Select No Cache or Partial Cache in the SSIS Lookup Component dialog box:

SSIS Lookup No Cache

The SSIS Lookup query should be defined like this:

SSIS Lookup Query

And the SSIS Lookup Columns should be defined like this:

SSIS Lookup Columns

The covering index is then created this way:

CREATE NONCLUSTERED INDEX
[IX_NON_CLUSTERED_LOOKUP_INCLUDE_LOOKUP]
ON [LOOKUP_TABLE] ([LOOKUP] ASC)
INCLUDE ([REFERENCE])

We can appreciate the performance gain for 1000 rows:

Index Elapsed Time
Clustered Index Scan 37.3 sec
Covering Index 0.109 sec

Another way of judging the performance of the lookup is to display SQL Server query statistics for a single query:

Force SQL Server to use clustered index instead of covering index:

-- Clear memory cache and show some stats
DBCC DROPCLEANBUFFERS
set statistics io on
set statistics time on

-- Use default SSIS Lookup syntax
select * from (
SELECT [LOOKUP],[REFERENCE] FROM [LOOKUP_TABLE]
WITH (INDEX (0)) -- ...but tell SQL to scan the table instead of using the covering index
) [refTable]
where [refTable].[LOOKUP] = '77EE7751-6BC1-4088-874E-D8F4440BB01A'

Results:
Table ‘LOOKUP_TABLE’. Scan count 9, logical reads 6699, physical reads 152
CPU time = 296 ms, elapsed time = 624 ms.

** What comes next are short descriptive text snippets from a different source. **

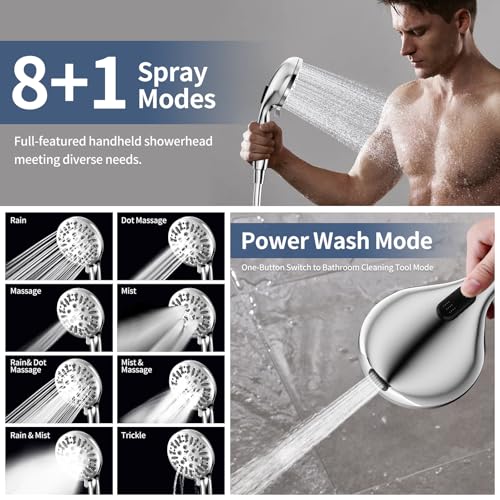 KAIYING Chrome High Pressure Dual Shower Head with Handheld Spray Combo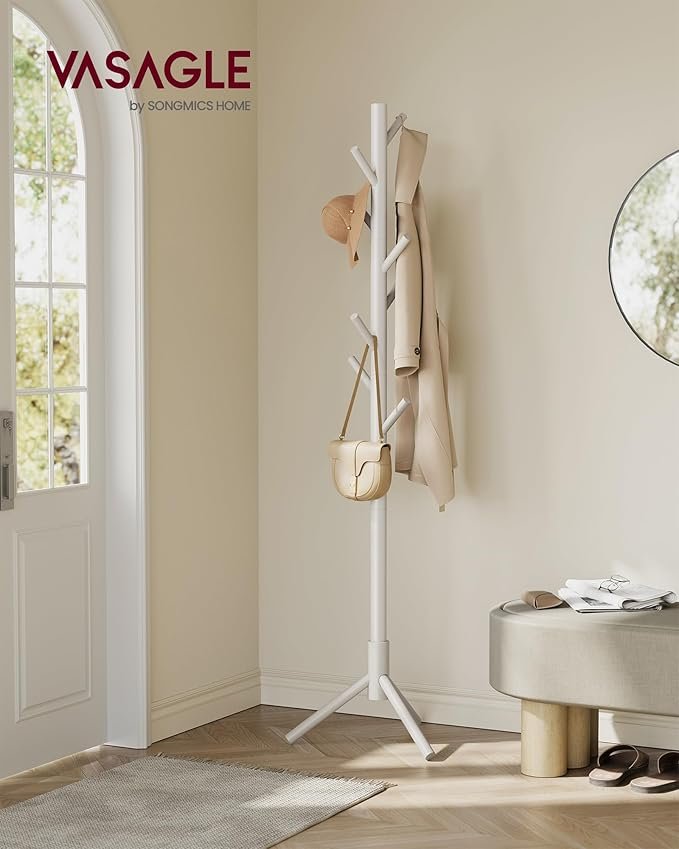 Naulakko 8 koukkua säädettävä puu beige – makuuhuone / olohuone - Image 2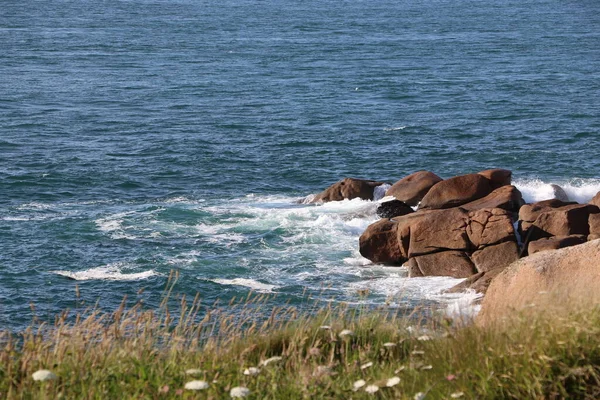 Cote Granit Rózsa Vagy Rózsaszín Gránit Part Franciaország — Stock Fotó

Here SQL Server will use the covering index:

-- Clear memory cache and show some stats
DBCC DROPCLEANBUFFERS
set statistics io on
set statistics time on

-- Use default SSIS Lookup syntax
select * from (
SELECT [LOOKUP],[REFERENCE] FROM [LOOKUP_TABLE]
) [refTable]
where [refTable].[LOOKUP] = '77EE7751-6BC1-4088-874E-D8F4440BB01A'

Results:
Table ‘LOOKUP_TABLE’. Scan count 1, logical reads 3, physical reads 2
CPU time = 0 ms, elapsed time = 31 ms.